Q: I saw you recently joined the High Impact Athletes organization. Could you give a little background into what this organization does and what motivated you to join?
About a year and a half ago, I played World Team Tennis with ATP tennis player Marcus Daniell. During the pandemic, Marcus created High Impact Athletes, which puts us in touch with vetted charities so we know that the money we’re donating is going towards the correct cause – specifically for issues of extreme poverty and environmental impact.
He has a list of about 12 organizations that we can donate to, and it’s nice to have peace of mind that your money is going in the right direction. This year, I think I’m donating towards the Humane Society, which helps protect against animal abuse. It is unbelievable what Marcus has done; he’s got quite a following of several players from different sports, and it’s growing pretty well.
Q: What was it like to play Emma Stone’s body double in Battle of the Sexes – ultimately portraying Billie Jean King?
It was such a special opportunity, and within days of my college coach recommending me for the audition, I was flying out to shoot and was on the court with Billie Jean King herself. I had never met her before, so being able to spend a few hours on the court together was the coolest, and probably the most unbelievable, part of it all.
During the filming process, I also had the chance to meet a lot of neat people – Emma Stone, Steve Carrell – and see a different world than the tennis environment I live in. There’s actually another movie scheduled to come out later this year about Serena and Venus Williams that I got to be in as well – so keep the tennis movies coming!
Q: What has been the largest learning curve you’ve experienced playing on the tour thus far?
Definitely how to take losses. When playing in the Juniors, you’re typically winning a lot of tournaments and the win to loss ratio is pretty good in your favor. On the tour, you typically have one loss per week.
It’s important to learn how to get in the mindset of bouncing back and staying positive with yourself. I still do get down on myself at times, but surrounding myself with a good team and good people has helped. I also remind myself that since I’ve gotten to this level, I should enjoy it for as long as I can.
Q: It seems that there is always another tournament to play right around the corner. After St. Malo, how did you stop to take in the moment and celebrate your win?
St. Malo was one of the most beautiful cities that I visited, but since we’re in a bubble we don’t get to go out much. After we won, we had the chance to explore and spend time enjoying the city, including time on the beach. This is going to sound outrageous, but I was craving a hot dog after the match, so I set out in the city in search of one, which I found! So I had a hot dog and wine for dinner that night, and it was great.

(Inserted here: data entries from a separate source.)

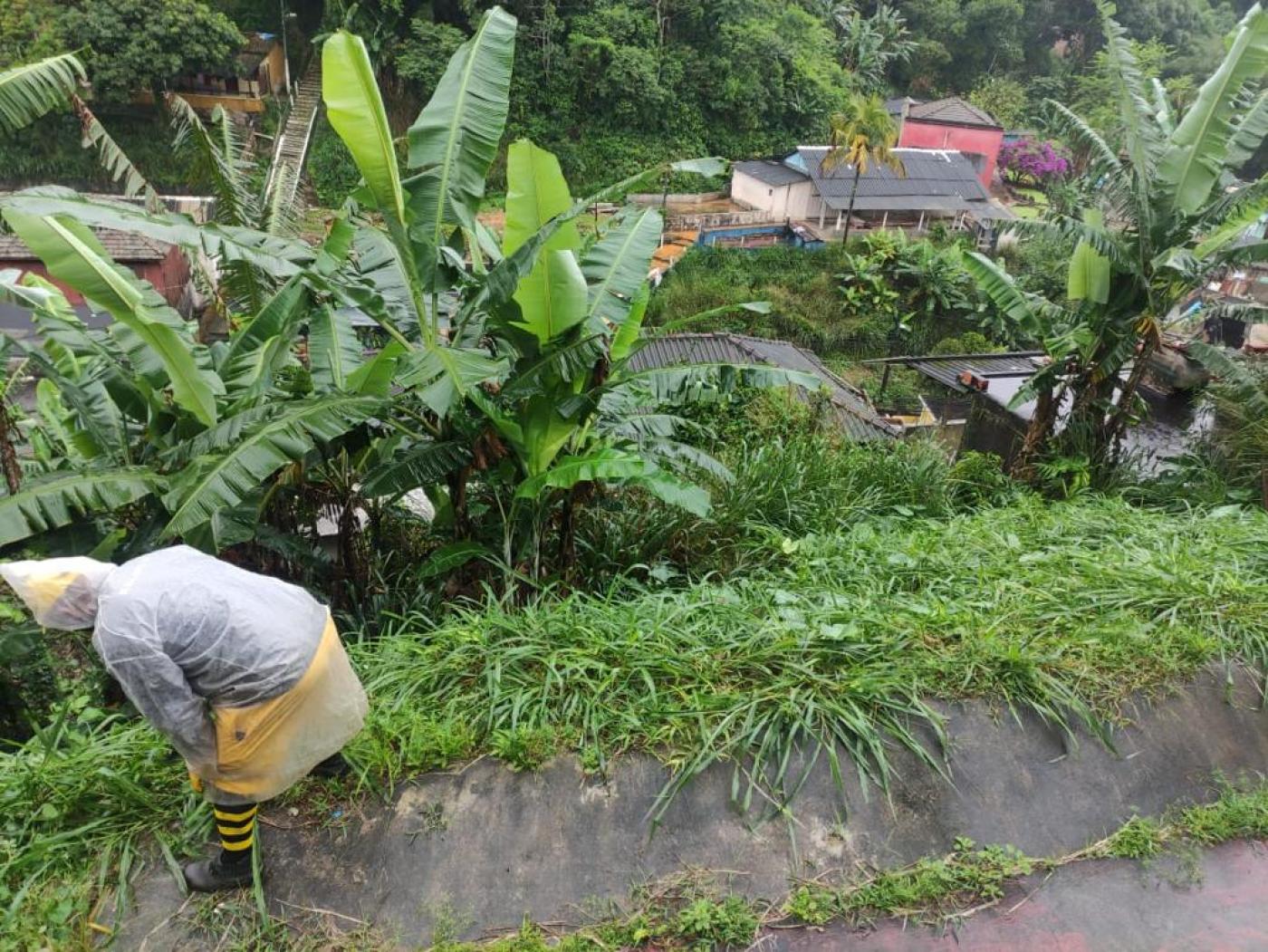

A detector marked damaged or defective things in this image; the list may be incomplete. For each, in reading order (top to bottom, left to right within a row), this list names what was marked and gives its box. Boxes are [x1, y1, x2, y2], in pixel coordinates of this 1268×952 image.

rusty metal roof [0, 229, 171, 262]
rusty metal roof [629, 332, 898, 443] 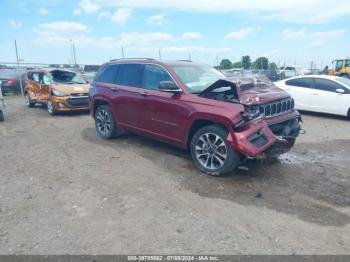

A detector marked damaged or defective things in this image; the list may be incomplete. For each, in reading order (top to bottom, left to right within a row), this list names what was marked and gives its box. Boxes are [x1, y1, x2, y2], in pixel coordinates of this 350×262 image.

damaged red suv [89, 59, 300, 176]
bent hood [201, 77, 292, 105] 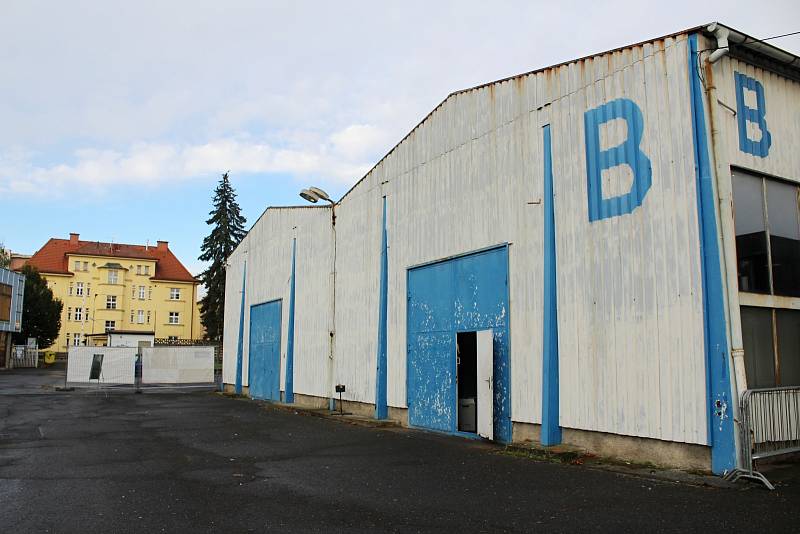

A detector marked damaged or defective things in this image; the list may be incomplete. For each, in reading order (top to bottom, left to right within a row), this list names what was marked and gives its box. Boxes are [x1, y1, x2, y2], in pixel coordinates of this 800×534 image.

cracked asphalt [0, 370, 796, 532]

Q: The pandemic has given everyone plenty of time to reflect on our normal routines and practices. How would you say your outlook on tennis has changed after being forced to take some time away from the court?

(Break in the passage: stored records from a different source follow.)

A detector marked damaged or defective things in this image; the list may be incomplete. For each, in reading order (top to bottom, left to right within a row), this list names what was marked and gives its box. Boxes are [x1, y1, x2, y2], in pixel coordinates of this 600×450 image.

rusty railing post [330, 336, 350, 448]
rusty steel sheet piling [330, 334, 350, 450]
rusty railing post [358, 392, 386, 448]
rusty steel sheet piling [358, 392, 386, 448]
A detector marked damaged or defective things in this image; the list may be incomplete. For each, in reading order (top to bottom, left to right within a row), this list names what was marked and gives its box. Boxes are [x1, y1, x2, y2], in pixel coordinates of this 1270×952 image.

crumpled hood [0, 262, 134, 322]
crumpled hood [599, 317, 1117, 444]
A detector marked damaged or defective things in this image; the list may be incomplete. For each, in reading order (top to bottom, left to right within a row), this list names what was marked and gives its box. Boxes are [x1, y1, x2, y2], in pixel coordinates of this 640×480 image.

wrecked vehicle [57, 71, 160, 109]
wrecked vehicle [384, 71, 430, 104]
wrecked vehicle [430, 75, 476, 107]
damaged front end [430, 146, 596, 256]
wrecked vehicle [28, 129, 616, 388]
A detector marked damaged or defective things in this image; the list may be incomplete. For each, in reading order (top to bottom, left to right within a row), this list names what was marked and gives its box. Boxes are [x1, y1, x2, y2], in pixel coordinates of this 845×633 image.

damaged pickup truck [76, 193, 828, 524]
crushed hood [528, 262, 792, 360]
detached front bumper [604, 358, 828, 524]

I was lucky enough to be in California throughout quarantine with access to tennis courts and fitness facilities. Unlike many others in different countries, I was able to stay quite active. However, the pandemic definitely changed my perspective on life in general.
Being fortunate enough to keep my job this past year when many people were not, lead me to have a new appreciation for my normal routine. Now I try to look at life by reminding myself not only how lucky I am to have my job, but also appreciate the fact that I am allowed to enter these countries when their borders are closed to the rest of the world.
Q: Besides your amazing tennis skills, do you have any hidden talents that your fans might not know about?
I am also a professional pickleball player! My dad got me into it a few years ago and put a court in our backyard, so whenever I have free time I enjoy playing.